Democracy Without Ballots

Democracy Without Ballots April 21, 2017

What might democracy mean in Africa? What, in particular, “might it mean in cultural contexts, like those in Africa, in which freedom is not reducible to the exercise of choice, the equivalent to homo politicus of shopping to homo economicus? In which the political subject . . . is not an ‘autonomous’ individual but a social being? In which, also, the rights of citizens—among them the right not just to speak but also to be heard, the right to the basic necessities of life, the right to protection from the state—are taken to be more important than, well, political shopping? In which, in other words, democracy is presumed to be more than a procedure, more a matter of substance?”(Jean and John Comaroff, Theory from the South).

They answer by noting a paradox they observed during an election in Botswana in the 1970s: “On one hand, this country was taken at the time to be the ur-model of a popular African democracy. And yet, in the run-up to the ballot, we heard and read—in the media, on the streets of the capital, in rural villages—challenges posed to the prevailing order of things. They called for the replacement of the multiparty system with a single-party government; this on the ground, contrary to everything assumed in the West, that the latter is more democratic, the former more prone to authoritarianism. In the vibrant political culture of the indigenous communities of this nation, democracy depends not on who rules, nor on their ideological dispositions, but on how they rule.”

The situation sounds like a democratic ideal, but “there were no elections. Chiefs, after all, were not chosen by universal franchise. This was a culture of participation without parties, of government, bogosi, without ballots.” Political debate was intense, but it didn’t have to do with exercise of choice. Democracy was necessary mainly “if there was need to remove a sovereign who failed consistently to meet the standards of good government; publically attested performance, not the polling booth, was the ultimate source of legitimacy.”

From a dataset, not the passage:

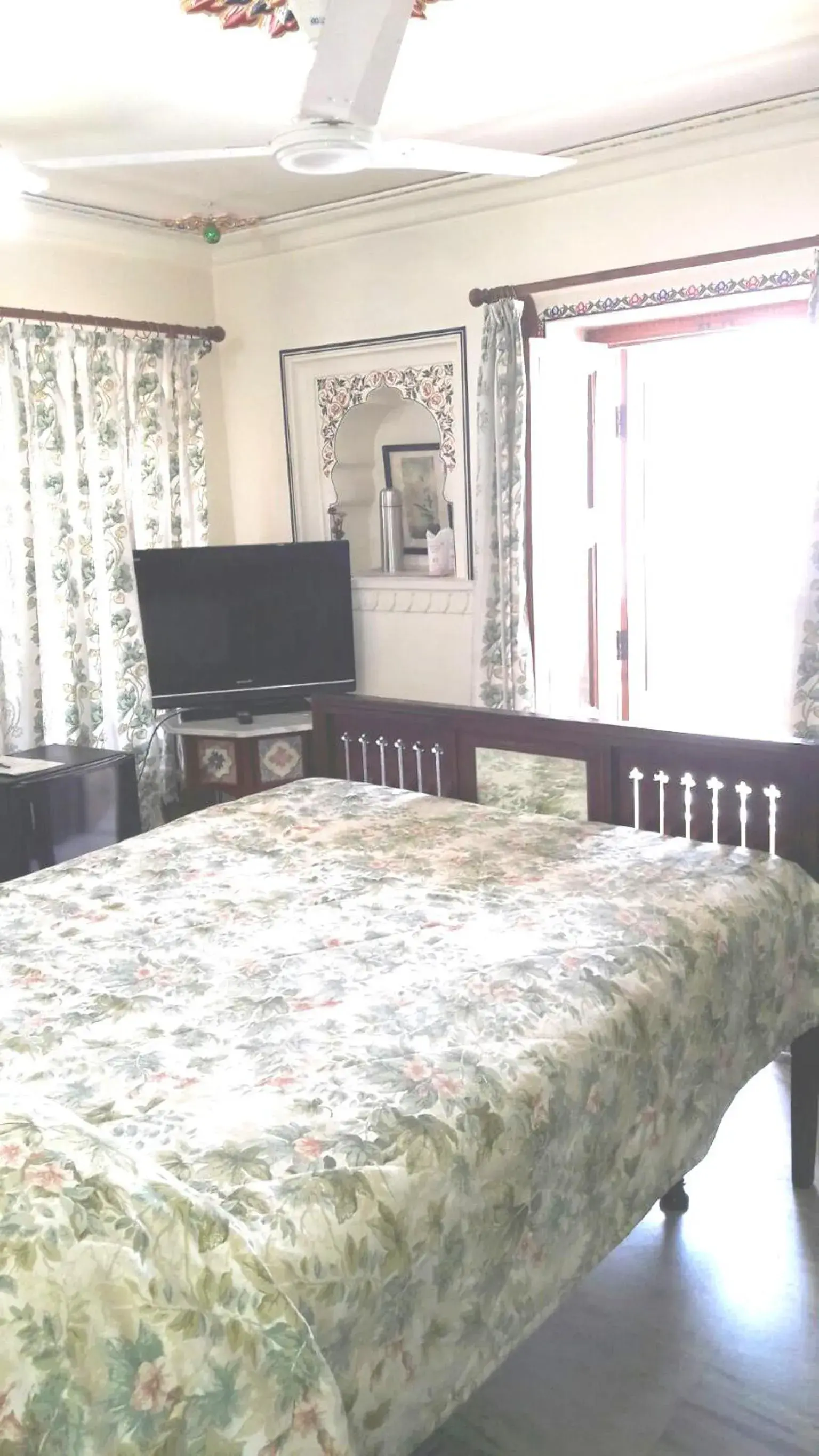 Superior Single Room - single occupancy in Hotel Pushkar Palace Superior Single Room - single occupancy in Hotel Pushkar Palace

From this, they conclude that Africans are not impressed with proceduralist/formalist democracy of West and don’t care to have it forced on them. There is “frank disillusion in many quarters—contempt, even—for market-friendly democracies that obsess over elections, but pay less attention to good government, accountability, or the rights and protections of their subjects.” They resist Western democracy, not in favor of authoritarianism but in favor of substantive democracy.